Mirroring the protracted wars, ecological collapse, and disorientations of the 21st century, Gaia’s body appears in a state of perpetual flux—torn and trembling, caught in recursive cycles of destruction and renewal, disappearance and return. She sings, she screams, she resists, she survives. In the face of her polyphonic resonance, how do contemporary artists attune themselves to her vibrations—and with what forms of response?
The exhibition Echoes of Gaia convenes six Berlin and Dakar-based artists whose practices emerge through ritualistic processes, engaging performance and material gesture as acts of invocation, transmission, and transformation.

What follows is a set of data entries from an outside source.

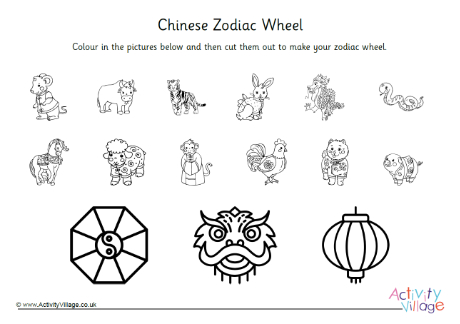 Chinese Zodiac spinner printable Chinese Zodiac spinner printable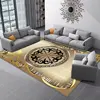 Luxurious Golded Large Carpets for Living Room Hotel Hall Decoration Sofa Coffee Tables Rugs Bedroom Non-slip Mat Ковер Tapis 러그 4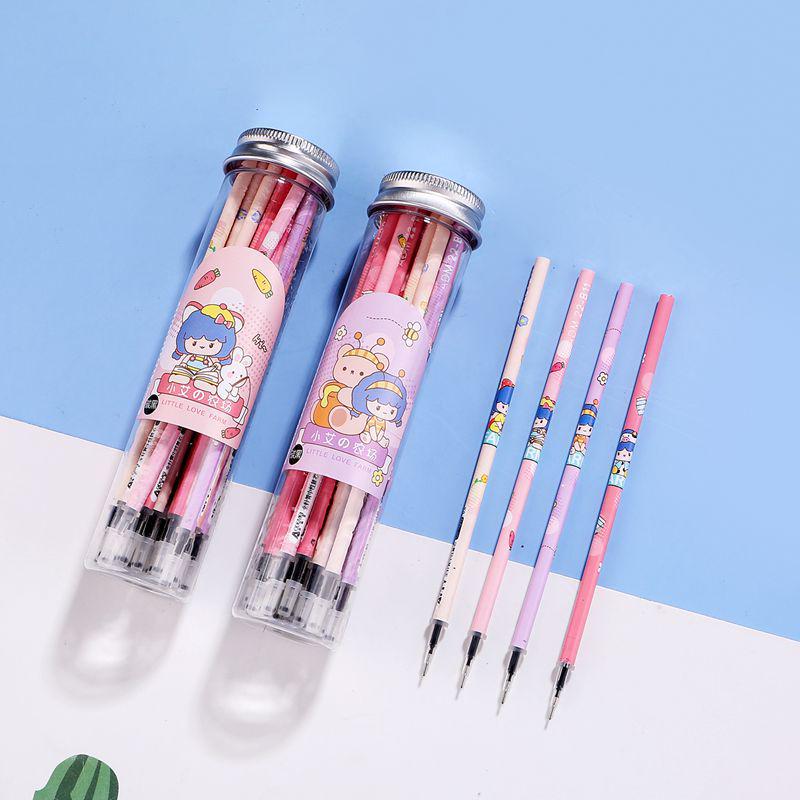 20-Pack Ink Refills: 0.38mm Black Needle Tip for 0.5mm Anime Student Pens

Conceiving Gaia as a breathing, pulsing presence, the exhibition explores how artistic expression can amplify the Earth’s tremors—foregrounding questions: What have we lost in our perception of the world, and what can we rediscover?

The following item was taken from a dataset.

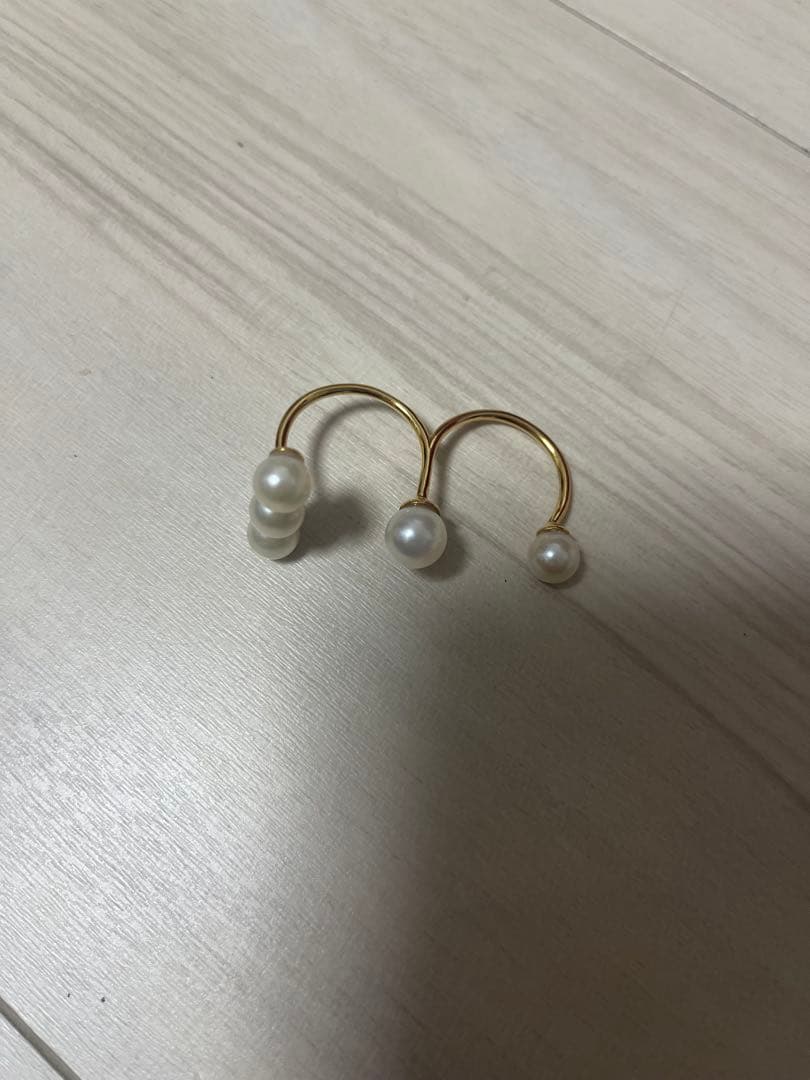 ARTIDA OUD アコヤパール ダブルフィンガー リング 11号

The exhibition gives form to these artistic possibilities through the practices of six artists. Engaging with performance, material sensitivity, and reactivation of myth and ancestral heritage, the artists open pathways through which contemporary art becomes a conduit—bridging human and non-human worlds, memory and ecology, interiority and communal presence. Woven together, their gestures unfold as a ceremonial invocation—summoning and reverberating the polyphonic presences of Earth and cosmos alike.
Senegalese artist Aliou Diack, shaped by the influence of his grandfather—a shaman—has embodied nature as an inseparable part of life since childhood. Scattering finely milled herbal pigments across his canvases like seeds, he enacts painting as an ecological rite of renewal. Korean artist Jeewi Lee inscribes the temporal cycles of growth and decay observed in lacquer trees. Through the traditional techniques of ottchil (lacquer) and silkscreen, she evokes the rhythms of material transformation and the layered memory of time. German artist Anna Steinert delves into the mystical and introspective potency of the mask. Her works dissolve and redraw the boundaries of painting, invoking a fluid visual language charged with ritual and inner presence.
Chilean artist Sandra Vásquez de la Horra invokes Mama Pancha, an indigenous embodiment of the maternal earth, through the symbolic weight and material density of wax, channeling a mythic and hybrid landscape where human and non-human converge. Iranian artist Farkondeh Shahroudi braids and stitches synthetic hair in meticulous ritual of remembrance and resistance, reawakening suppressed bodily presence under religious and social constraint. German,Turkish artist Viron Erol Vert reimagines the moon’s cultural symbolism as a threshold for collective catharsis. His practice opens a space where memory, transformation, and mythic resonance converge.